NOD NOD

 

Can you tell a Japanese face apart from a Chinese and Korean face? Many say they can. That's rubbish, I say. I certainly cannot. Show me a gathering of Japanese, Korean, and Japanese faces and have them speak their languages, and I will identify their nationalities. Truism, indeed.

Japanese, Chinese, Koreans, they are all the same to me.

We used to hear a comment like this in my early years in America. It is considered a racial slur in the present climate of political correctness. It is more likely to be rephrased today in the form of uncertainty or curiosity rather than as a callous generalization, at least in public. People may refer to a certain Oriental person, and say, "Japanese or Chinese. . . I don't know. . . they all look alike to me," or, more likely to play safe, they may simply say "an Asian" or "an Oriental person," and leave the distinction a blur. Sometimes I insist and ask "Japanese? Chinese?" And I get an answer in a tone of irritation: "Japanese, Chinese, Korean, I can't tell; maybe you can." And I get my last word: "No, I can't." It's usually the fairer-skinned Far East Asians who are clustered together as indistinguishable, not the more distinctly darker-skinned and physiognomically more marked Maoris, Indonesians, and Srilankians.

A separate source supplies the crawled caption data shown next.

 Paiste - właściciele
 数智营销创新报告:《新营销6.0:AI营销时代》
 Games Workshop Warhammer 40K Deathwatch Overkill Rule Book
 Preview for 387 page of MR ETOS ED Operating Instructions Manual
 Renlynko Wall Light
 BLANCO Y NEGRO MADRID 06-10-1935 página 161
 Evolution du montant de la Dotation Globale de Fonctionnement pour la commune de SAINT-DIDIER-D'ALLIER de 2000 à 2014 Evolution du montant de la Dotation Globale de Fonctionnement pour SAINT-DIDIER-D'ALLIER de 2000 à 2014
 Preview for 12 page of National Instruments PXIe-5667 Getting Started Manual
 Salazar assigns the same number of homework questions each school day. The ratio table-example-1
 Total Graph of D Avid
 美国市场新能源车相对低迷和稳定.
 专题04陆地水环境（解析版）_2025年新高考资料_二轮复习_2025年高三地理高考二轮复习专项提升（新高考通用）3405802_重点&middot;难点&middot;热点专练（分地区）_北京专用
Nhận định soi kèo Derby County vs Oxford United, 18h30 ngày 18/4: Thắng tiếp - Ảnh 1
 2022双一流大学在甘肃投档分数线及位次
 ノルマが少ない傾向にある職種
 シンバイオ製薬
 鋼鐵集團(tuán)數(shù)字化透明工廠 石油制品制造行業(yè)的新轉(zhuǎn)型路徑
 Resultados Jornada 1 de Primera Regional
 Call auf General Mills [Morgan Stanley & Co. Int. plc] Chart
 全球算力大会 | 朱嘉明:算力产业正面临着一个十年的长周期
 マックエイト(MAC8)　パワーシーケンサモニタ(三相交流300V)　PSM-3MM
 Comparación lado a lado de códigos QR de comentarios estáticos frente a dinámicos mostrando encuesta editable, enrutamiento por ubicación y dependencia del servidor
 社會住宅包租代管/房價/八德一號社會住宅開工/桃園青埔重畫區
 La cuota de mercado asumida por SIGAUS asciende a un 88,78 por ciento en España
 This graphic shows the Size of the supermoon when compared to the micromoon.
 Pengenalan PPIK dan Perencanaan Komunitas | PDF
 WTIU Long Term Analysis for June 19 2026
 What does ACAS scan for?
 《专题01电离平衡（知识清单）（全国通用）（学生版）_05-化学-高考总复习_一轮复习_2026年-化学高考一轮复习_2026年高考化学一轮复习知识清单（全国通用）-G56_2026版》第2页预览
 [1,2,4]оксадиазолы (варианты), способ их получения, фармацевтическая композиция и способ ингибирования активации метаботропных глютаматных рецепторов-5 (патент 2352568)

The Asians whose racial identity is misconstrued don't generally take the confusion kindly even in the form of curiosity. Japanese, in particular, when mistakenly called Chinese or Korean, seem to consider it a slur perhaps in their propensity to insular ethnocentricism. Saying to a Japanese that she or he looks Chinese or Korean is no compliment. Few Japanese are charmed, as I am, to be mistaken for a Korean or Chinese or, for that matter, a Maori, Thai, Filipino, Taiwanese, Peruvian, or Puertorican. Koreans and Chinese probably are not flattered to be called Japanese, either. There is perhaps a subtle trap of racial superiority if the ethnic misappellation is felt to be similar to the case of a professor being mistaken for a salesman, a nurse or a bank clerk.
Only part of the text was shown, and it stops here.